January + Thoughts about the New Year
A new year. To be honest, I really love the feeling of a new year. I really do. It’s hopeful and full of promise. There’s an electricity in the air. It feels really good to me. It’s like … cracking open a new novel … the first crisp page of a new notebook. A cool fall morning after a long summer. The sun breaking through a thick fog. A warm sunrise.
But, years ago, I found myself feeling sort of suffocated by January. I felt claustrophobic inside of my own skin. I realized that it was because I was laying out all of my goals, hopes, plans, and dreams for the year and then immediately feeling as if I were already too far behind. As if it all needed to happen immediately. As if my goals weren’t actually goals, but perceived failures because I hadn’t already accomplished them. I had it wrong. It was too much, too fast and not at all the point. But, it was (and is) unfortunately very on-brand for my personality.
Over the years though, my approach has evolved into a much quieter style of welcoming a new year. I now comfortably recognize that the beginning of a new year doesn’t bring any guarantees. A new year doesn’t automatically erase anything. And, it shouldn’t be an invitation for shame. January 1 is just another day, after all. It’s packaged up real pretty, but it often doesn’t feel like the “fresh new start” that it’s promised to be. If that’s what you are holding onto, disappointment often quickly follows. This year, the “fresh” new year immediately brought sickness and quarantine to our home. But it’s okay, because I’d already let go of all of those shiny expectations from years past, so I didn’t feel as let down as I might have. It felt … well, it felt like real day-to-day life. And, guess what? Letting go of those types of expectations didn’t take away any of the things that I love so much about a new year. It’s actually made them even sweeter.
Now, I ease into January. Slowly. Without the expectation of any type of grandiose entry into NEW. I wait until it’s actually January to write out my thoughts and goals … and I include a lot of stillness around that practice these days. What do I want to do and accomplish, sure … but also how do I want to feel? What feels right? What feels good and true and aligns with my values? I ease into the month before I jump into any type of new schedule or plan.
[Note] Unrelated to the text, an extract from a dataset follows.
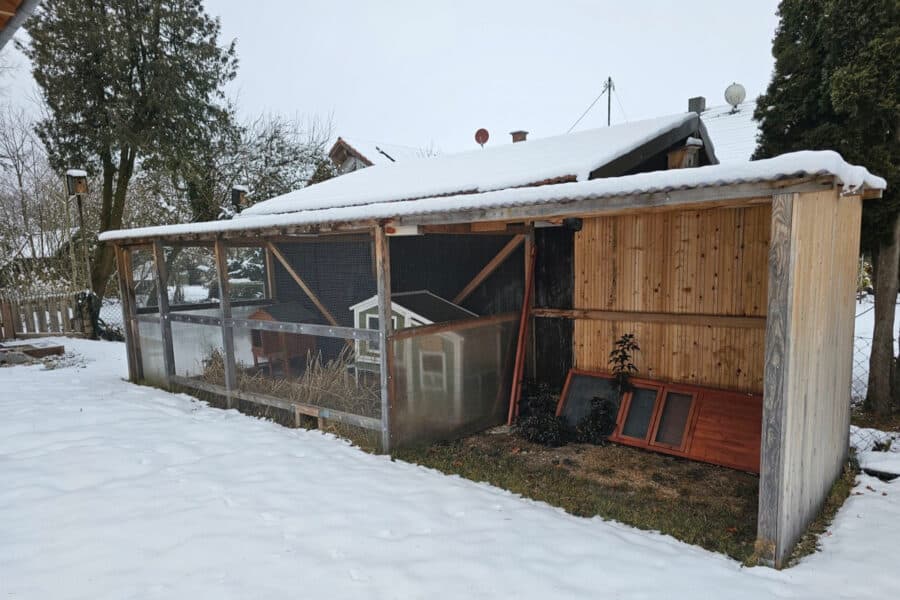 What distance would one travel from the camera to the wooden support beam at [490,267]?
528 cm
January 1 is rarely a good day for me to start something new. I’m coming off of a whole holiday hangover and I need a minute. Sometimes it’s healthier for me to wait until the 5th … or the 15th … or the 25th … or February 1.
My point? I guess my point is … set goals and dreams and make lists and try something new … if you want to. If YOU want. I happen to be someone who likes all of that jazz, but I have to do it my own way to feel the freedom in it and from it and not feel caged by it. Don’t be afraid to go after this year YOUR OWN WAY. Even if that means not going after a single darn thing. I mean, who makes these rules anyway? Who are these January marketing gurus and what do they actually want from us? {our money or our submission usually – spoiler alert} Who says we have to dive in to something new immediately? Who says that it’s better for you this way? What if you don’t need to be a “new you” after all? It’s okay to give yourself a little bit of time. You don’t have to figure out your year right away. You don’t have to “figure out your year” ever. Maybe you don’t need a new schedule or new routine or anything new at all. Maybe you do. Maybe that’s okay. Maybe both ways are okay or an all new way that’s all for you.
Happy New Year, friends. Happy mid-January New Year.